Even the characteristics of a well-water source can change if the well is relatively shallow. Sampling methods also affect results; some concentrations can change between sample pull and analysis. Ammonia and carbon dioxide CO 2 may degas or CO 2 may dissolve from exposure to air. Any of these changes will cause the water pH to change.

An accurate water pH is best measured on-site. Chemical suppliers can use a water analysis to predict how much purified water permeate the RO might safely separate from the source before the dissolved salts become too concentrated in the remaining water and form scale within the membrane elements Table 2.

The water analysis is also used in designing the RO system, both in projecting the purified water quality and in assessing any effect of the salts on system hydraulics. An RO system and its pretreatment equipment designed solely on one water analysis may not be fully optimized for the fouling characteristics of the source. It might be oversized or, of greater concern, it might not be ideal for water that has a high membrane-fouling potential.
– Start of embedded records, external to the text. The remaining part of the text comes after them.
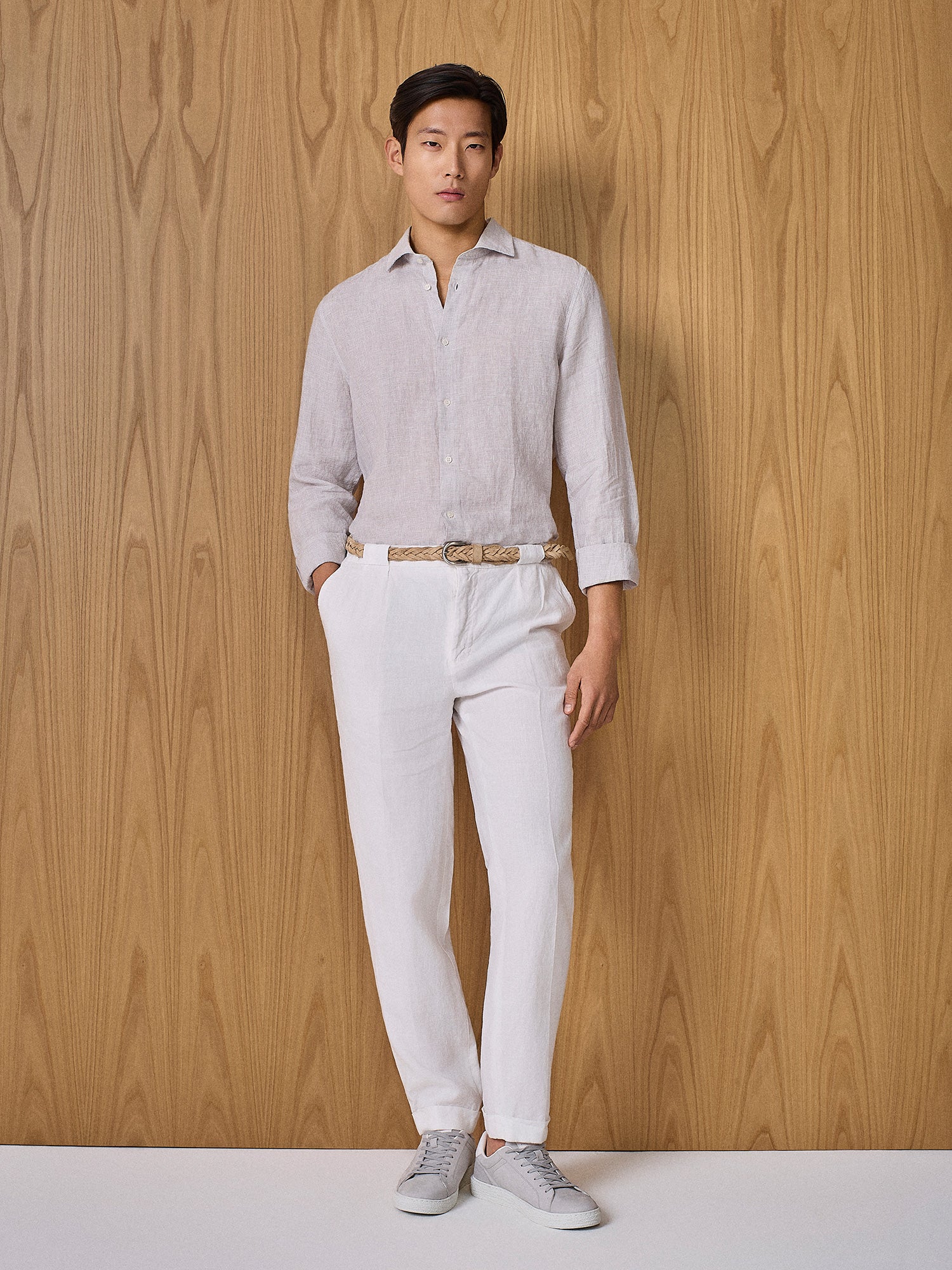 Camicia in lino pied de poule grigio chiaro - Image 3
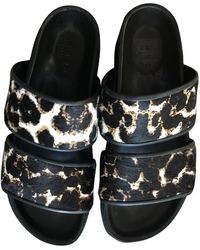 Sandro Pony-style Calfskin Sandals - Multicolour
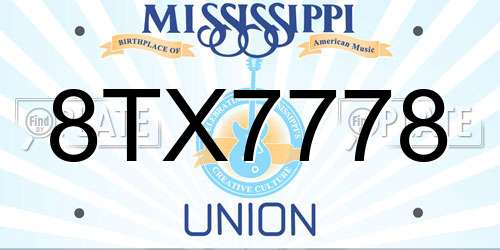 8TX7778 Mississippi License Plate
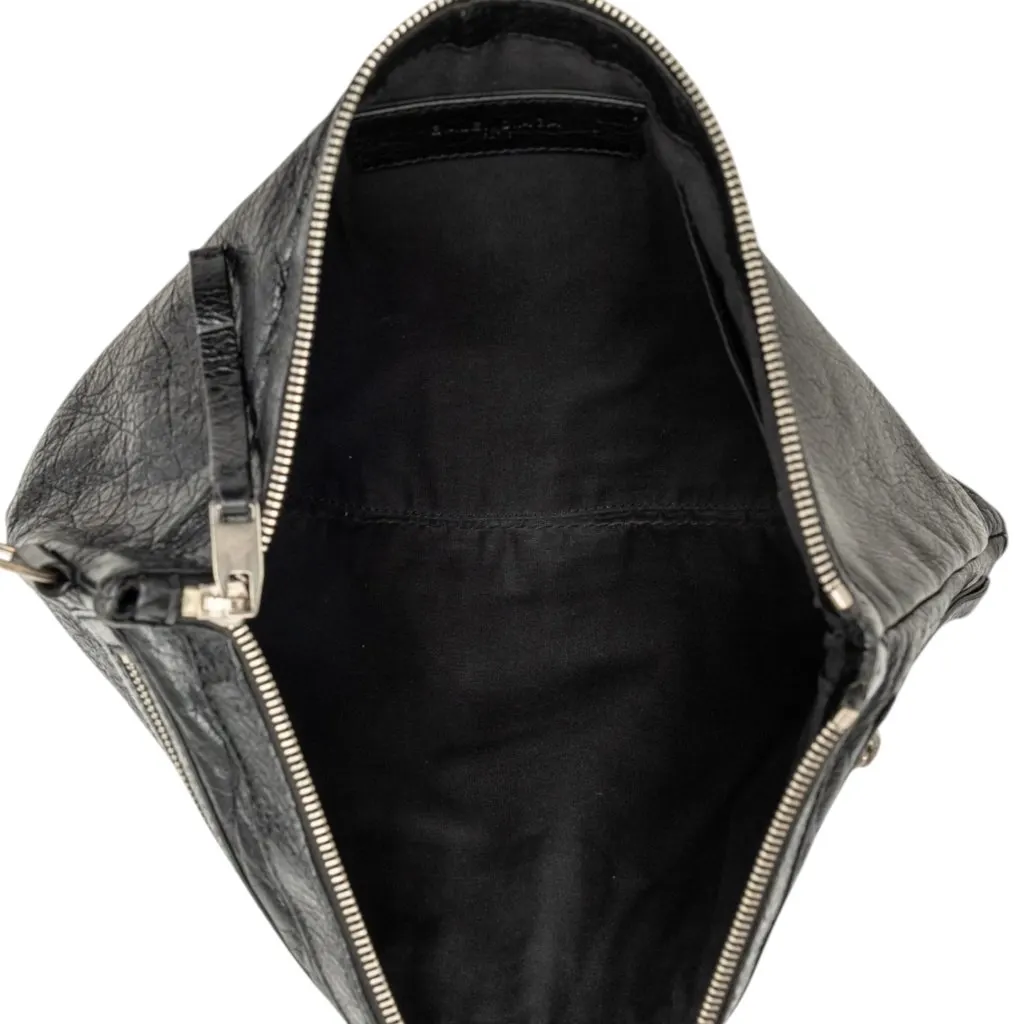 Balenciaga Lambskin Motocross Classic Clip Clutch L Black Leather Good - Model View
This can best be determined with a pilot study.

A well-designed pilot study uses components that have been scaled down but still offer the same type of media, and use similar flow velocities and exposure times.

The pilot RO Figure 1 should duplicate the permeate recovery, the permeate flux rate that is, the permeate flow per unit of membrane area , and concentrate stream vessel exit velocities, along with the scale inhibitor dosage and shutdown flush methods.